**Your assignment**:
Set down, exactly as written, the lines from the top of the data to the line that holds "Musculosa Forli de", and omit the pictures.

**Information given**:
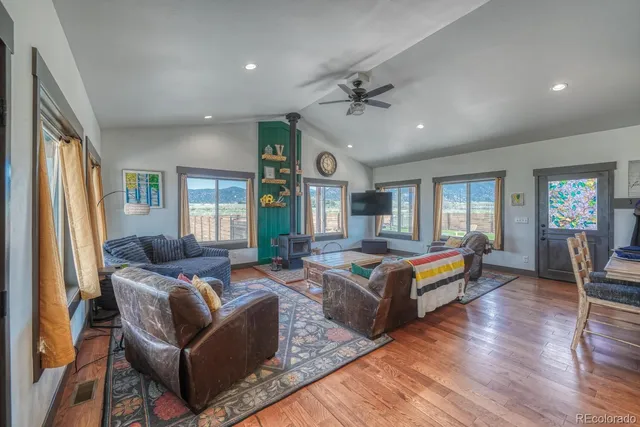 a living room with furniture flat screen tv and wooden floor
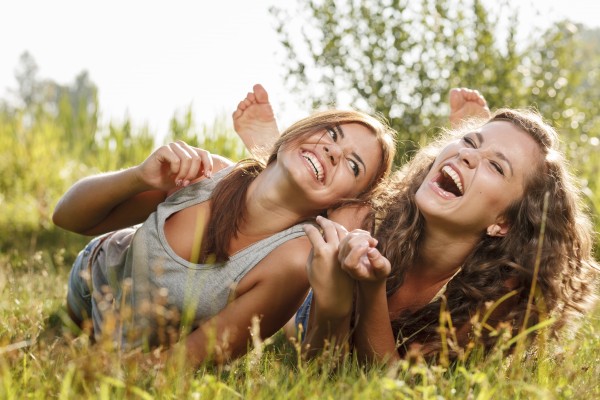 two girlfriends in T-shirts lying down on grass laughing having good time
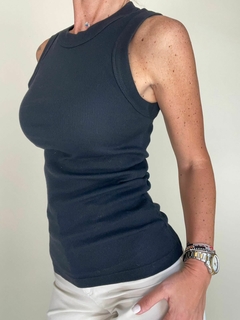 Musculosa Forli de color negro, con diseño de tirantes y ajuste ceñido, presentada en un fondo neutro.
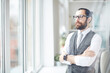 © Mediaphotos - Serious purposeful young bearded businessman in gray waistcoat standing in modern office and looking out window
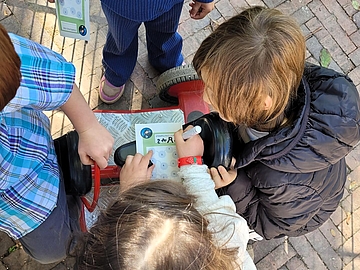 Drei Kinder sitzen eng beisammen, eines davon auf einem roten Kinderfahrzeug. Sie halten Stempelpässe in den Händen und stempeln konzentriert Felder aus. Die Szene findet draußen auf einem gepflasterten Untergrund statt.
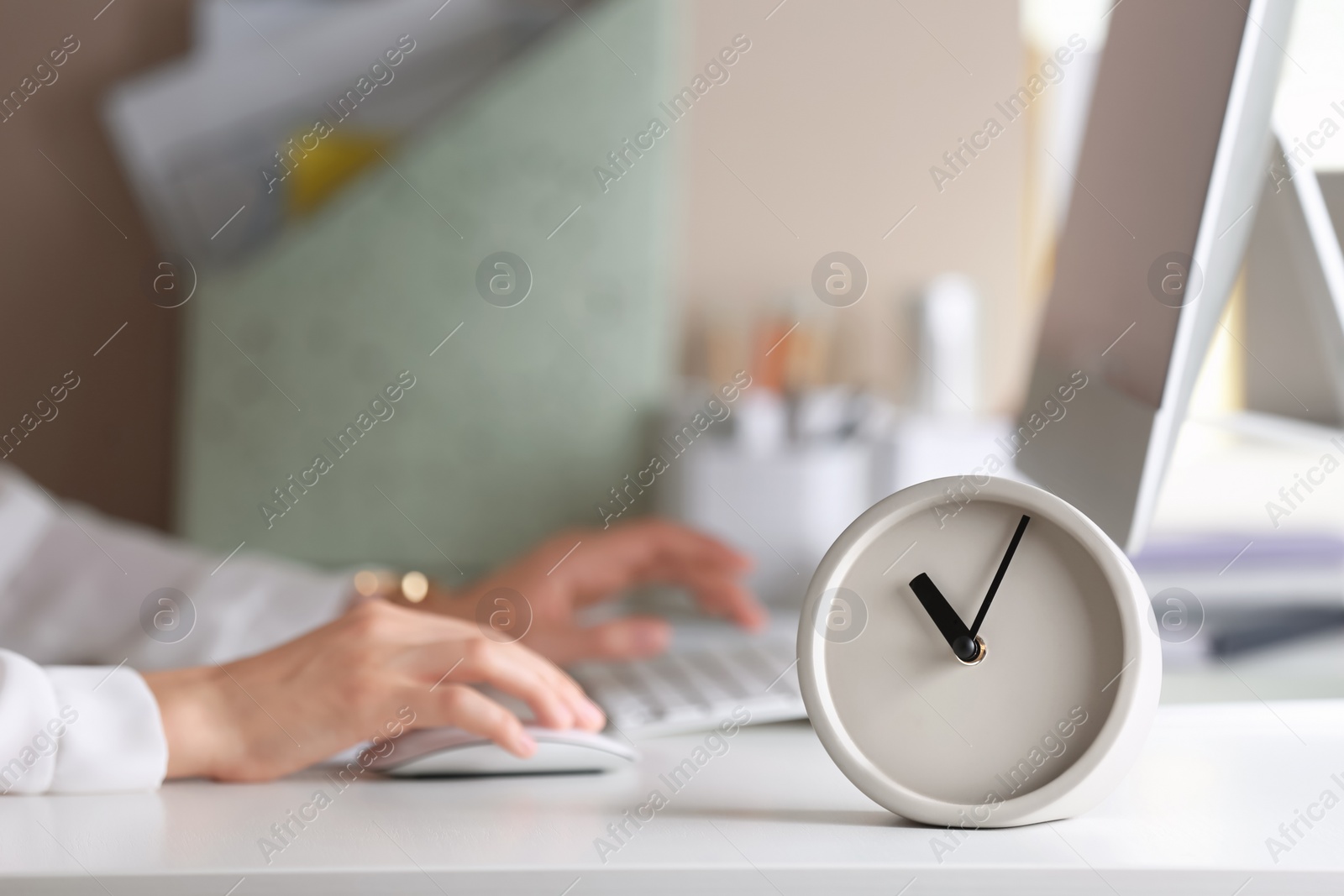 Photo of Alarm clock and blurred woman working on background. Time management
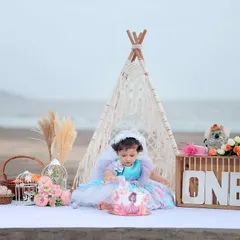 A boho-chic first birthday cake smash on the beach, featuring a macrame teepee and pampas grass against the ocean backdrop.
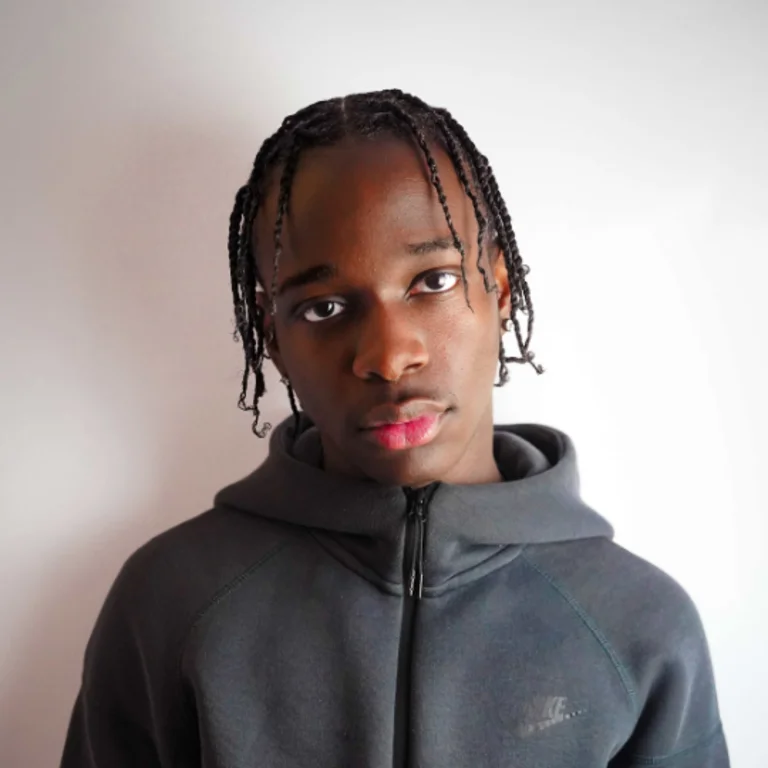 Kai Nero looking straight at the camera in a hoodie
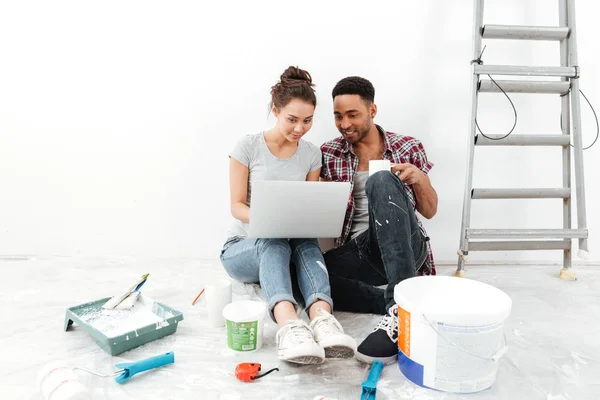 Feliz jovem casal amoroso sentado no chão em novo apartamento — Fotografia de Stock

**Exercise response**:
 a living room with furniture flat screen tv and wooden floor
 two girlfriends in T-shirts lying down on grass laughing having good time
 Musculosa Forli de color negro, con diseño de tirantes y ajuste ceñido, presentada en un fondo neutro.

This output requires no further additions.